When the line containing "this 980×1224 image." is reached, begin reproducing lines exactly and continue through the last line of the records below.

╭─ Excerpted records

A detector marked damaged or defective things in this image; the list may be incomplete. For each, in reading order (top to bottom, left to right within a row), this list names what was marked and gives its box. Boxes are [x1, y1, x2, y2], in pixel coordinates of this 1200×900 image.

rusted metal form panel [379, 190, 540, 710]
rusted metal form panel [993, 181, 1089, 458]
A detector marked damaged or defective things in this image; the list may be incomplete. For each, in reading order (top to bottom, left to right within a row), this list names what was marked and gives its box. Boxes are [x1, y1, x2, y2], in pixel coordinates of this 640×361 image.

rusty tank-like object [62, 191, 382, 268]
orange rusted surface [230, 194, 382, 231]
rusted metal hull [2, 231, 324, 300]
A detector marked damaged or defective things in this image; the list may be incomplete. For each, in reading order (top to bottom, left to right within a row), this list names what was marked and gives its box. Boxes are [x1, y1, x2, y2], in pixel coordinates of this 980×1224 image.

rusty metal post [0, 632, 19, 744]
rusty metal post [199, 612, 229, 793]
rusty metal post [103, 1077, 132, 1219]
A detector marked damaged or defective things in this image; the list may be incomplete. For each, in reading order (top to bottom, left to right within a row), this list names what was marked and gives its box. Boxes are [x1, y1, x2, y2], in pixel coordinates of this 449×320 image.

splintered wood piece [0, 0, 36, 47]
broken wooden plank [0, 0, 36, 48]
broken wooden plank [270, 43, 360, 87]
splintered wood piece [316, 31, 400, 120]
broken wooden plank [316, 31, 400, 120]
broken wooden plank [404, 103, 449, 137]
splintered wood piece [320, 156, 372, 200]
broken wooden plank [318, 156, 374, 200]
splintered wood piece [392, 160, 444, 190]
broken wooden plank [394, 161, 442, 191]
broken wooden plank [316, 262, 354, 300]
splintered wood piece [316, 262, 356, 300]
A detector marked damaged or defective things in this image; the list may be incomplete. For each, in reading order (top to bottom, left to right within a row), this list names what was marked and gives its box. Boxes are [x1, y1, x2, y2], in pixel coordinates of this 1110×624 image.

╰─

▸ Answer to this task
A detector marked damaged or defective things in this image; the list may be incomplete. For each, in reading order (top to bottom, left to right within a row), this list names what was marked and gives its box. Boxes are [x1, y1, x2, y2], in pixel coordinates of this 980×1224 image.

rusty metal post [0, 632, 19, 744]
rusty metal post [199, 612, 229, 793]
rusty metal post [103, 1077, 132, 1219]
A detector marked damaged or defective things in this image; the list may be incomplete. For each, in reading order (top to bottom, left to right within a row), this list names what was marked and gives its box. Boxes are [x1, y1, x2, y2], in pixel coordinates of this 449×320 image.

splintered wood piece [0, 0, 36, 47]
broken wooden plank [0, 0, 36, 48]
broken wooden plank [270, 43, 360, 87]
splintered wood piece [316, 31, 400, 120]
broken wooden plank [316, 31, 400, 120]
broken wooden plank [404, 103, 449, 137]
splintered wood piece [320, 156, 372, 200]
broken wooden plank [318, 156, 374, 200]
splintered wood piece [392, 160, 444, 190]
broken wooden plank [394, 161, 442, 191]
broken wooden plank [316, 262, 354, 300]
splintered wood piece [316, 262, 356, 300]
A detector marked damaged or defective things in this image; the list may be incomplete. For each, in reading order (top to bottom, left to right within a row), this list names what was marked and gives its box. Boxes are [x1, y1, x2, y2], in pixel coordinates of this 1110×624 image.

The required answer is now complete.